10: 	 9,10011,3,2,0.67,1,0
11: 	 10,10012,0,0,0.0,0,0
12: 	 11,10013,8,1,0.13,7,
13: 	 12,10014,0,0,0.0,0,0
14: 	 13,10016,17,12,0.71,
15: 	 14,10017,0,0,0.0,0,0
16: 	 15,10018,3,2,0.67,1,
17: 	 16,10019,0,0,0.0,0,0
18: 	 17,10020,0,0,0.0,0,0
19: 	 18,10021,0,0,0.0,0,0
20: 	 19,10022,1,1,1.0,0,0


We can also write to a file using the .write() method

In [14]:
with open('test.txt', 'w') as fp:
    fp.write('Testing!') 

Or, we can use the print() function, but redirect the output to the file by passing fp to the print()'s file argument

In [15]:
with open('test.txt', 'w') as fp:
    print('Testing!',file=fp)

In the above example, we passed a 'w' to the open() function after the filename. This will create a file 'test.txt', and allow us to write to it. But, if the file test.txt already exists, it will overwrite it permanently. 

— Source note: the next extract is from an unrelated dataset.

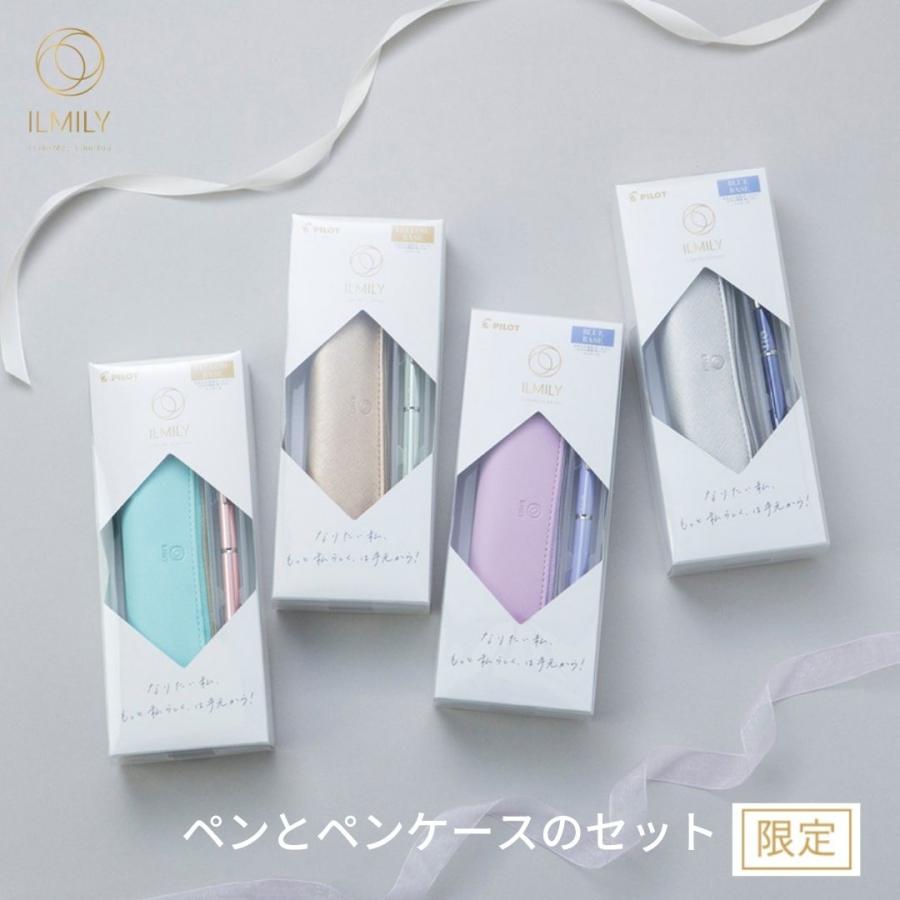 パイロット ILMILY ギフトセット ペンとペンケースのセット【P-4189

If we want to append to teh end of the file, we will want to pass in an 'a' for append.

In [16]:
with open('test.txt', 'a') as fp:
    print('Appending!',file=fp)

And, not let's take a look at our work:

In [20]:
with open('test.txt', 'r') as fp:
    alltext = fp.read()
    print(alltext)
    print(type(alltext))

Testing!
Appending!

<class 'str'>


There are also methods to readline() one at a time, or to .readlines() all at once. This last one might be helpful for an upcoming homework assignment, so we'll show it here:

In [22]:
with open('test.txt', 'r') as fp:
    alltext = fp.readlines()
    print(alltext)
    print(type(alltext))

['Testing!\n', 'Appending!\n']
<class 'list'>


One final note: you'll see the variable name 'fp' used in a lot of examples throughout Google, on StackOverflow, and in textbooks. This is short for "file pointer," as fp "points" to the file that we opened with open(). You don't need to remember this, but it's a neat throwback to C/C++, and other languages that use pointer objects everywhere.